Records provided>
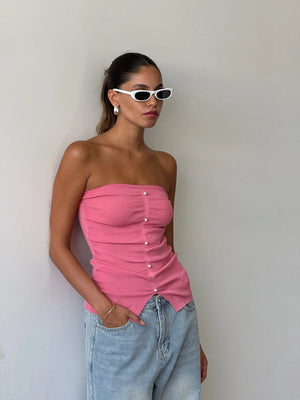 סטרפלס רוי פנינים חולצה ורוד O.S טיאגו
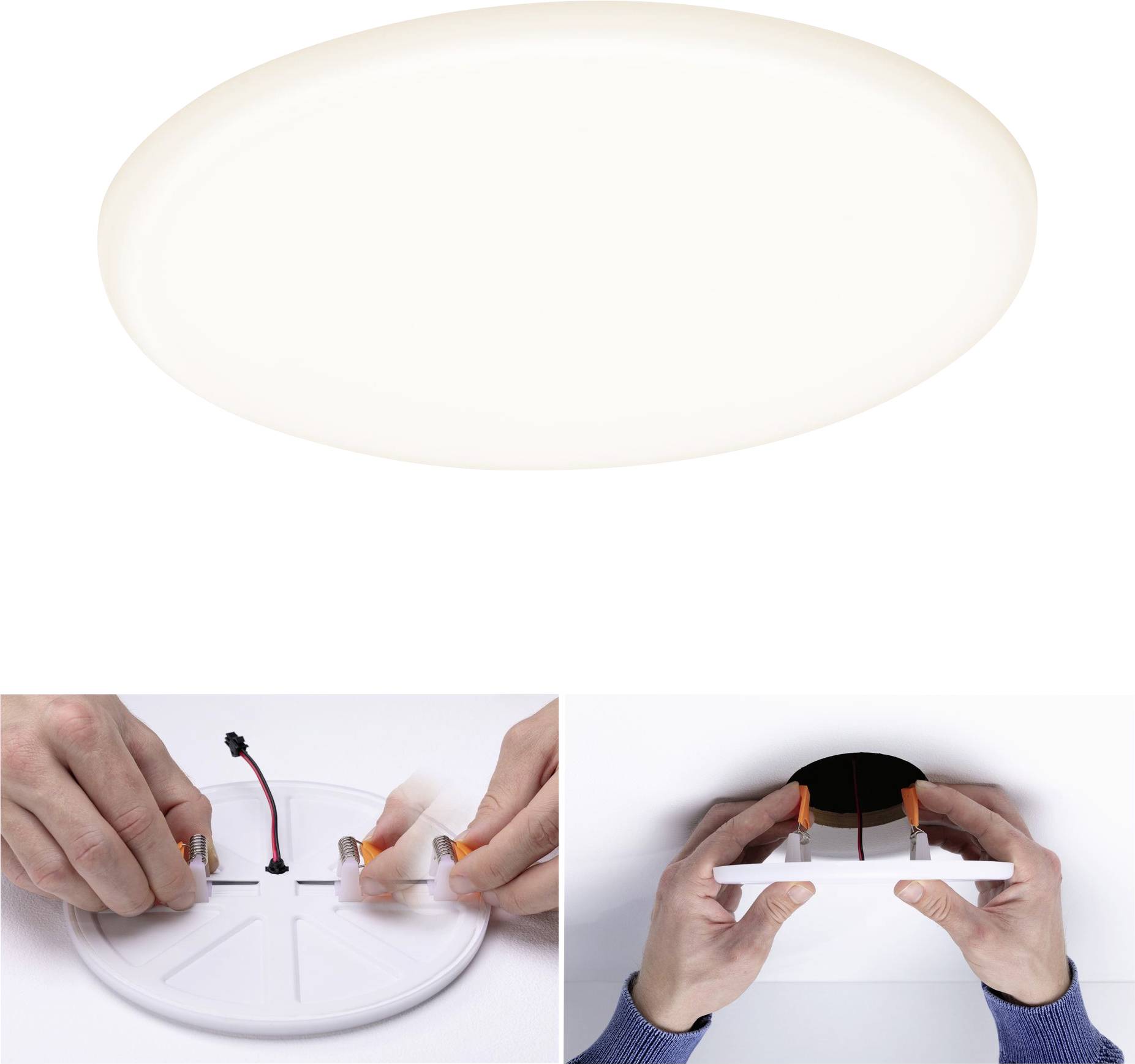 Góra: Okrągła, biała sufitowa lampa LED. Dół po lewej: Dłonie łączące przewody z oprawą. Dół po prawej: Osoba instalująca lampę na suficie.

--

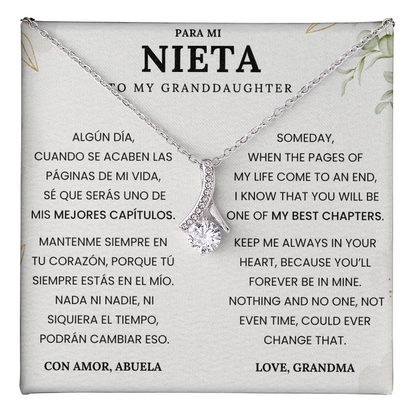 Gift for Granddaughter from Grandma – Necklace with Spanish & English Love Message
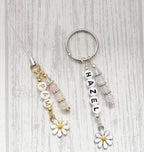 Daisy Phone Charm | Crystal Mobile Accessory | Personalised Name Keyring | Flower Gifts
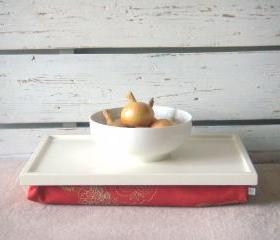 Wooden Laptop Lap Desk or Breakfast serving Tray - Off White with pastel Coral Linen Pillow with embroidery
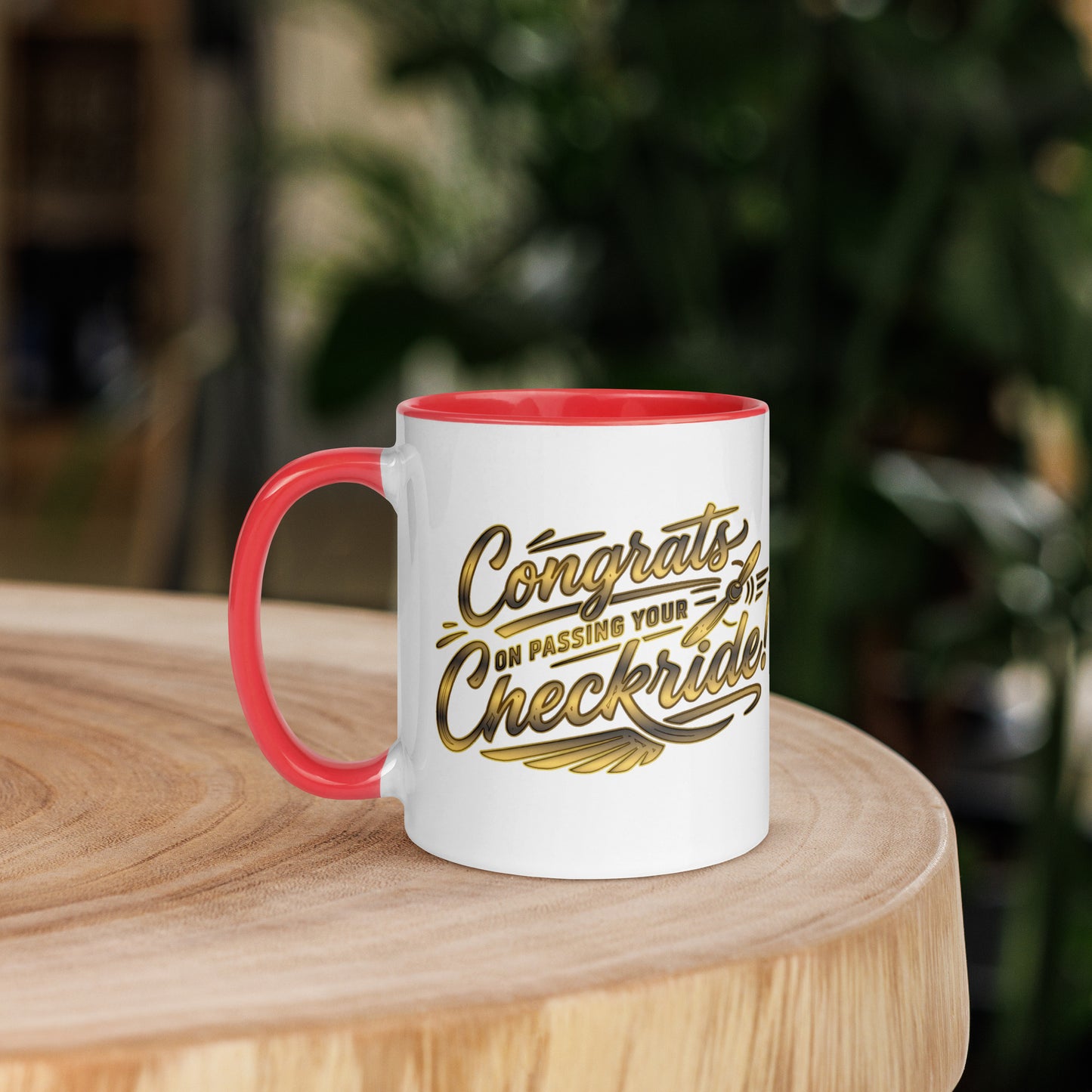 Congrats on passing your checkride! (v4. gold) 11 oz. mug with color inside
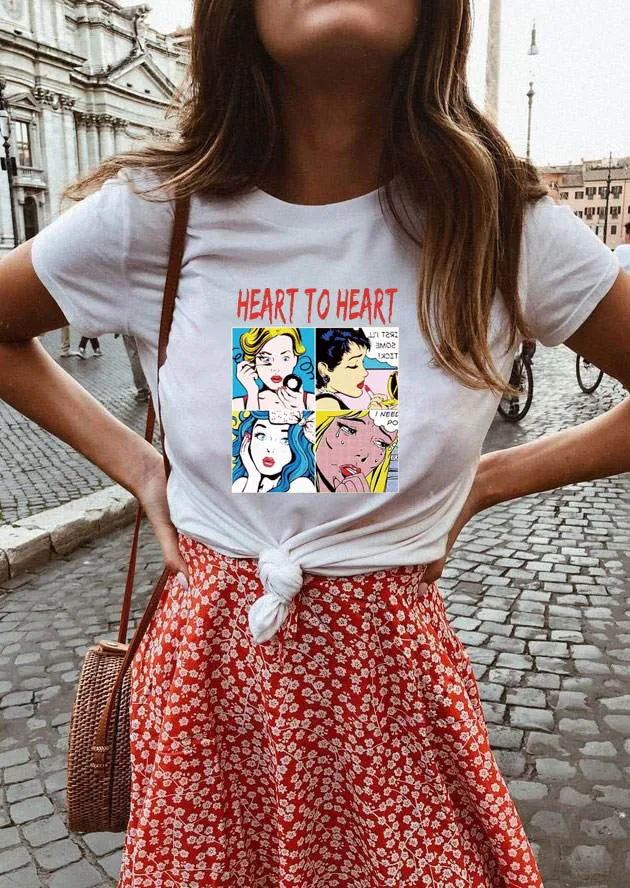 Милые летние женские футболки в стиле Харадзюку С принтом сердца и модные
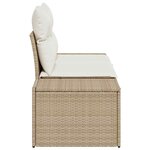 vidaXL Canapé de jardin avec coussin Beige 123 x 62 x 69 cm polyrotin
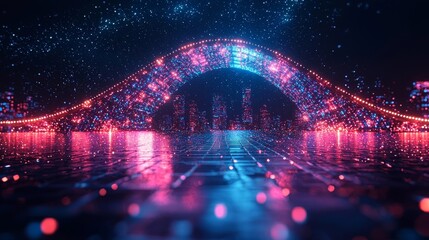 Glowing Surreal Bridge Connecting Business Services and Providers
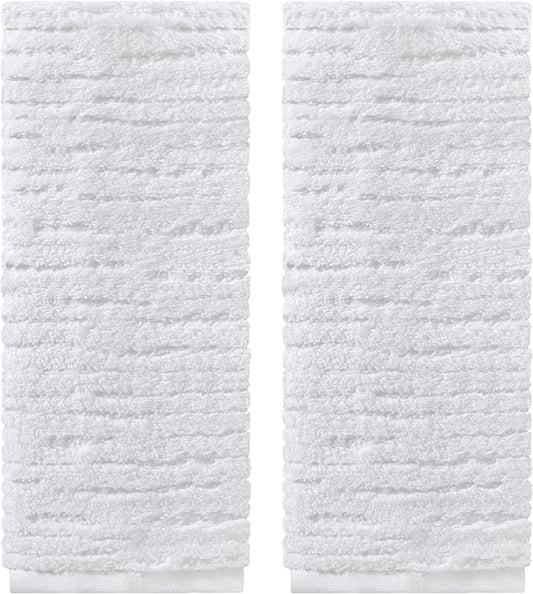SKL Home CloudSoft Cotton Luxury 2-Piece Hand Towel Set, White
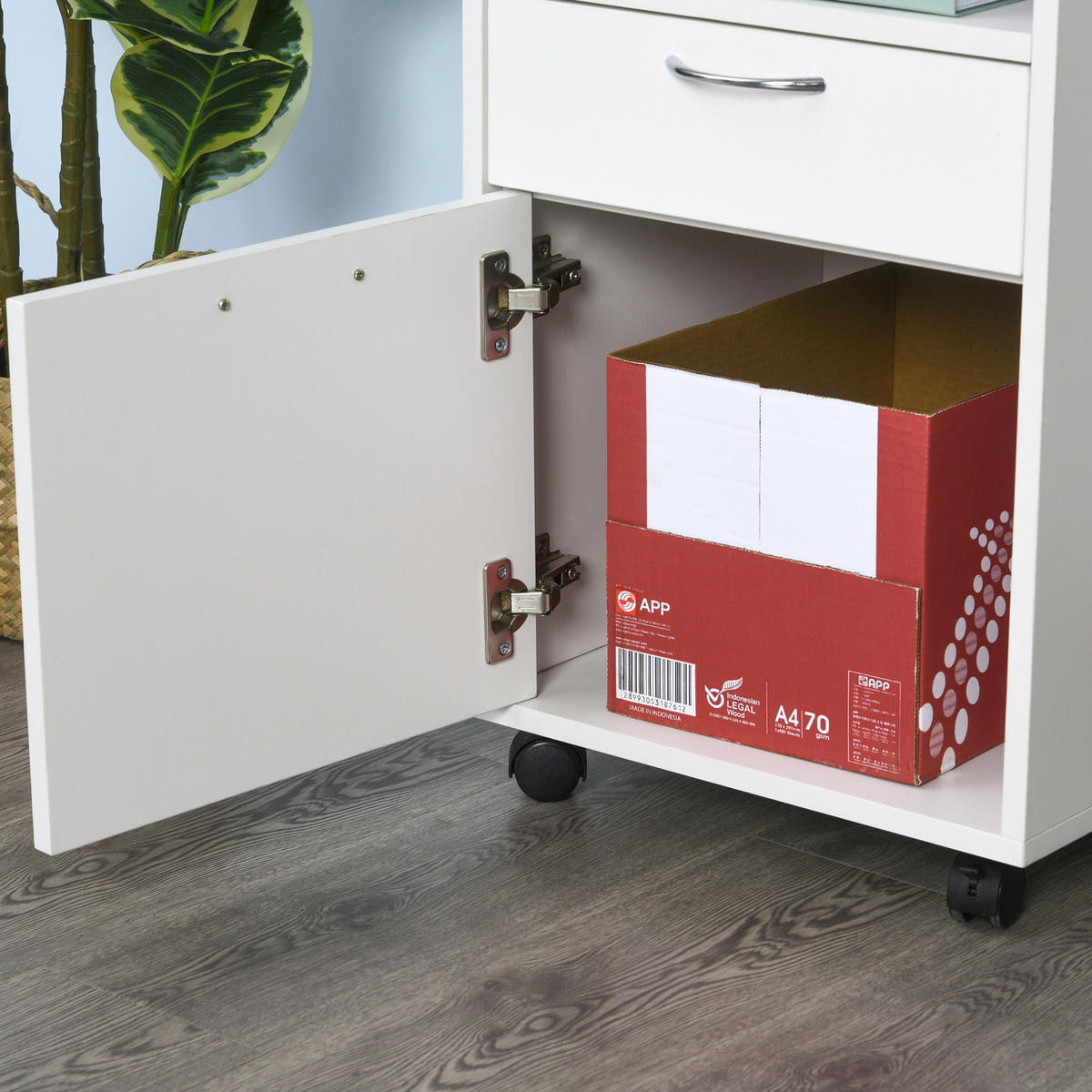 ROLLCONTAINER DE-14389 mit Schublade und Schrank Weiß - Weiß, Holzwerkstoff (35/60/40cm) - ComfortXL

Exercise aim> Give back the exact lines above, running from the one that has "Glowing Surreal Bridge" through the one that has "ROLLCONTAINER DE-14389 mit", with nothing added and no pictures.

Solution>
 Glowing Surreal Bridge Connecting Business Services and Providers
SKL Home CloudSoft Cotton Luxury 2-Piece Hand Towel Set, White
 ROLLCONTAINER DE-14389 mit Schublade und Schrank Weiß - Weiß, Holzwerkstoff (35/60/40cm) - ComfortXL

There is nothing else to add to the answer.